Each line below should be repeated exactly as written, with no pictures carried over.

Material provided:
============

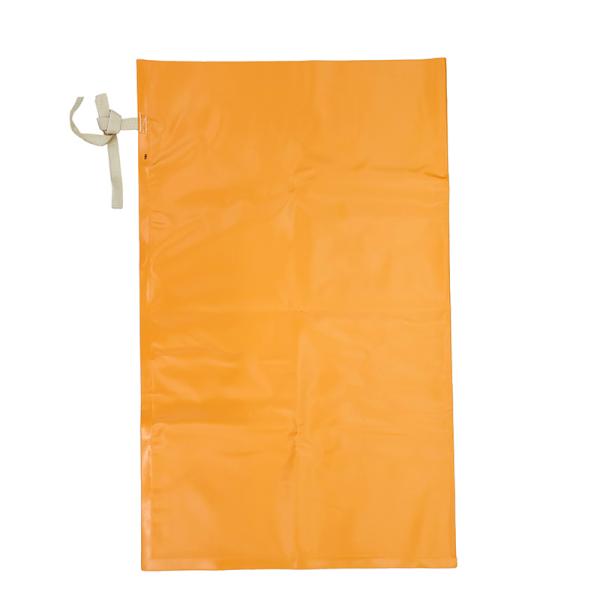 土のう袋 25L オレンジ 580mm×930mm 万能袋 砂利袋 ガラ袋 ナショナルマリンプラスチ...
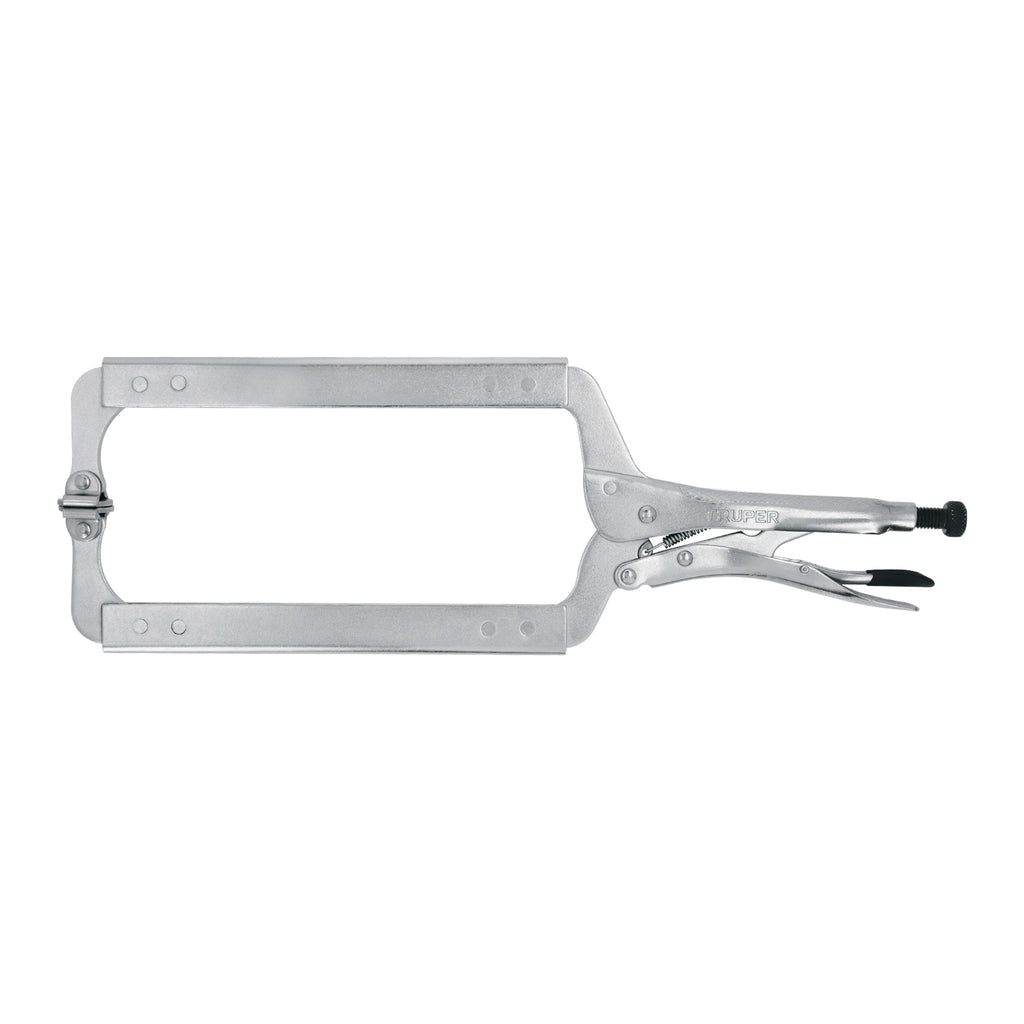 Pinza De Presión 18" Tipo "C" Con Mordaza Autoajustable, Truper 17415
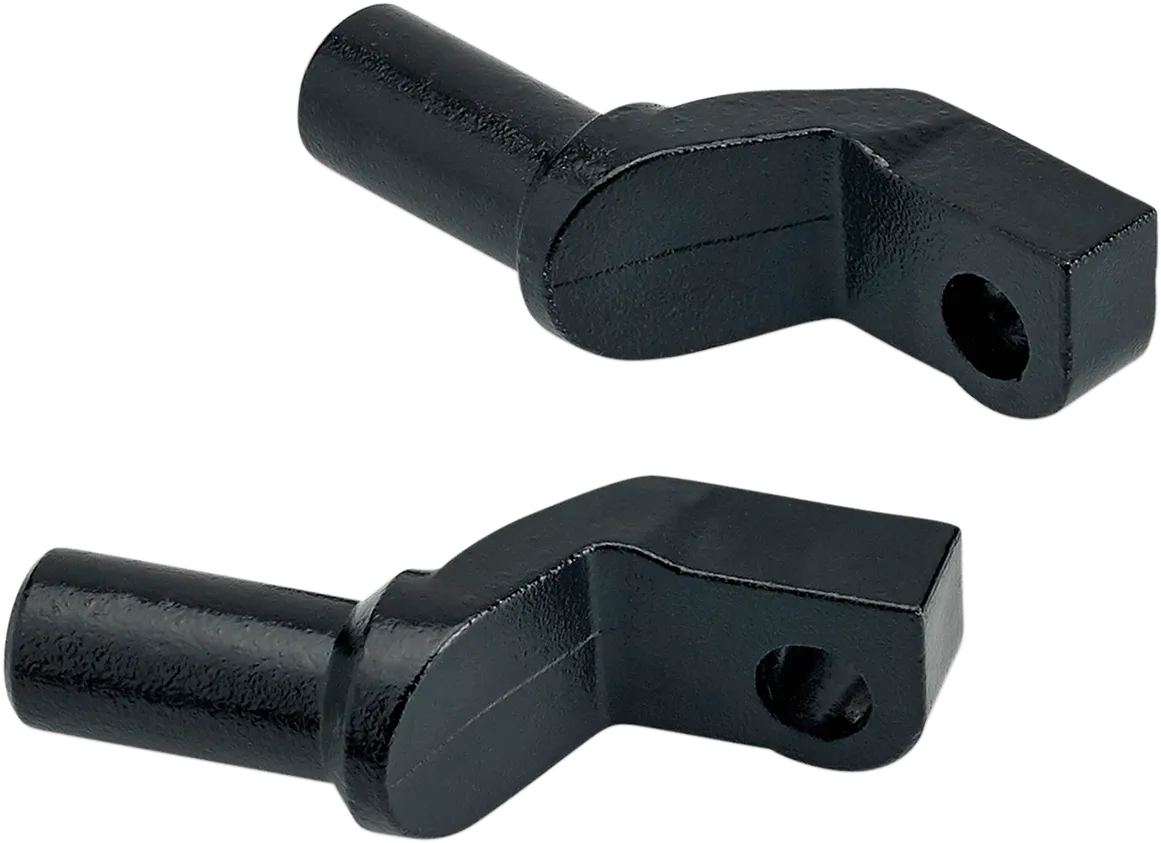 Biltwell Inc. 0107-1639-01 Norman Footpeg Clevises - Black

============

The completed task:
 土のう袋 25L オレンジ 580mm×930mm 万能袋 砂利袋 ガラ袋 ナショナルマリンプラスチ...
 Pinza De Presión 18" Tipo "C" Con Mordaza Autoajustable, Truper 17415
 Biltwell Inc. 0107-1639-01 Norman Footpeg Clevises - Black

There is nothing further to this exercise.